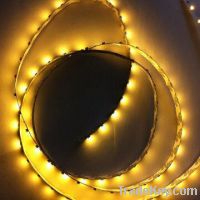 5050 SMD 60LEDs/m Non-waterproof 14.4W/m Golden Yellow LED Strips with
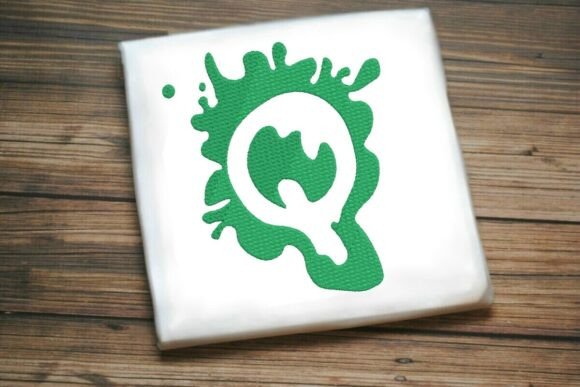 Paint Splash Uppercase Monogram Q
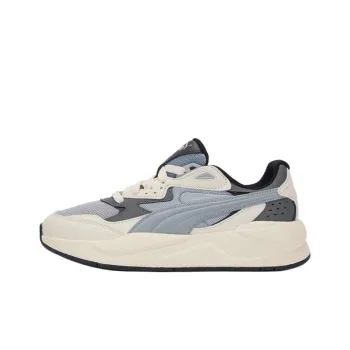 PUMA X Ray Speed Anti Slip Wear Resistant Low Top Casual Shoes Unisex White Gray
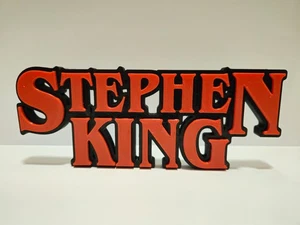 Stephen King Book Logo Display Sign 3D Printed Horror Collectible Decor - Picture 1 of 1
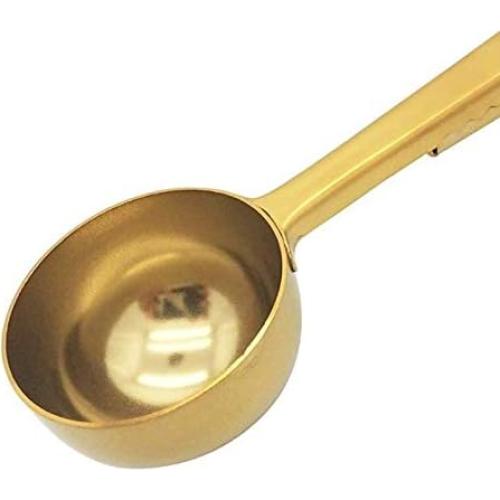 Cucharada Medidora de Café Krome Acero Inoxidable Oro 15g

* * *

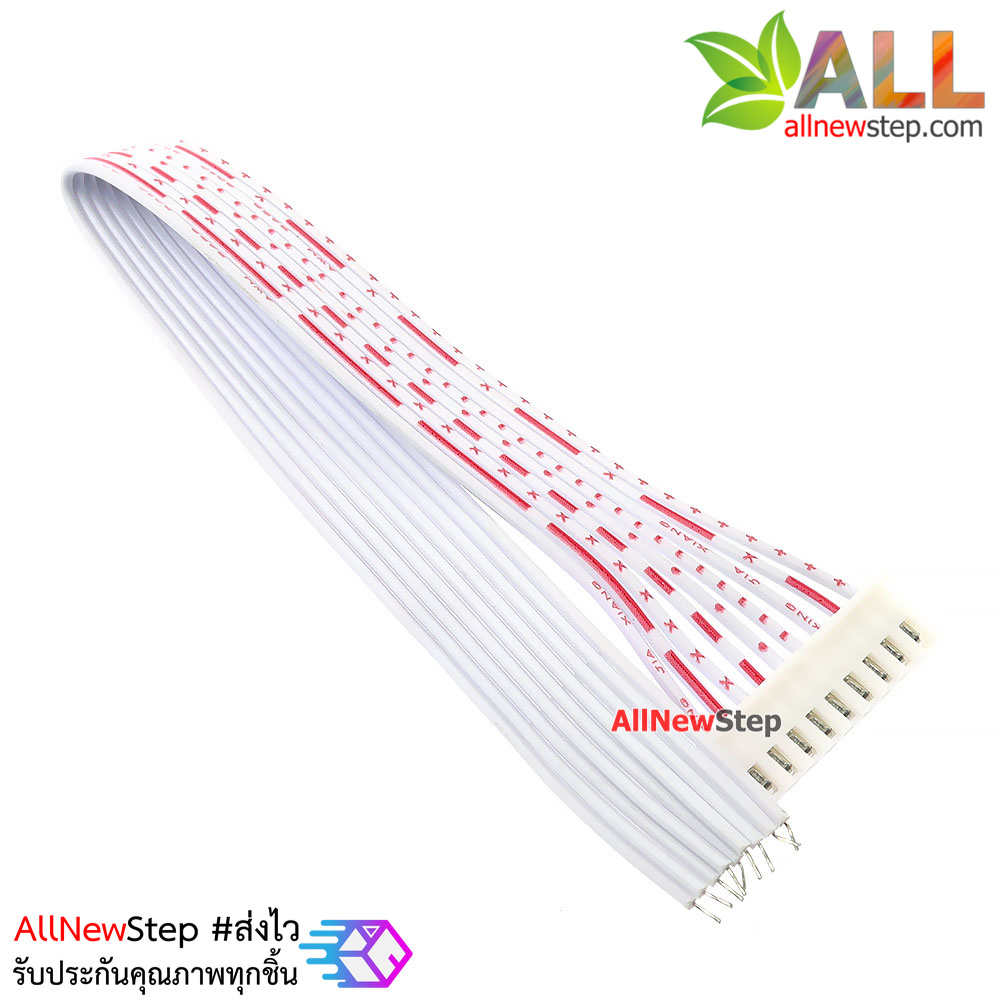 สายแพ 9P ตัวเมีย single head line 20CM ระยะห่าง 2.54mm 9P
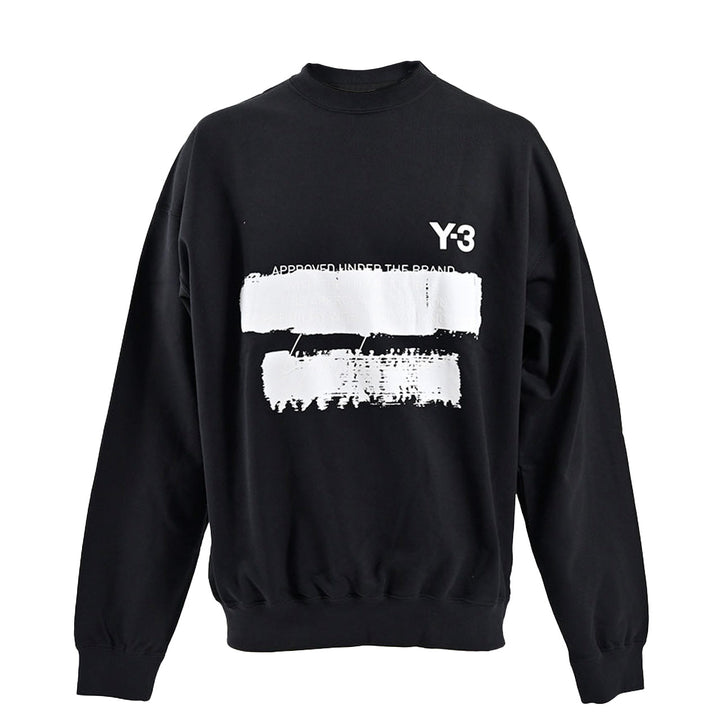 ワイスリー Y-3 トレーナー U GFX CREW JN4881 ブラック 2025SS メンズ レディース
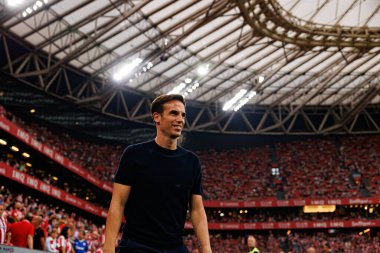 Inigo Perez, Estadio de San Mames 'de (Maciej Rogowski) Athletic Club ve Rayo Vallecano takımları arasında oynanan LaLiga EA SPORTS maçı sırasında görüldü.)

==

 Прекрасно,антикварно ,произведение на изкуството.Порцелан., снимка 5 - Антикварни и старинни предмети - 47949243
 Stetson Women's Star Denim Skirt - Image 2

- TASK -
Above are the records; restate exactly the lines from the one containing "5050 SMD 60LEDs/m" through the one containing "Cucharada Medidora de", keeping pictures out.

- ANSWER BELOW -
 5050 SMD 60LEDs/m Non-waterproof 14.4W/m Golden Yellow LED Strips with
 Paint Splash Uppercase Monogram Q
 PUMA X Ray Speed Anti Slip Wear Resistant Low Top Casual Shoes Unisex White Gray
 Stephen King Book Logo Display Sign 3D Printed Horror Collectible Decor - Picture 1 of 1
 Cucharada Medidora de Café Krome Acero Inoxidable Oro 15g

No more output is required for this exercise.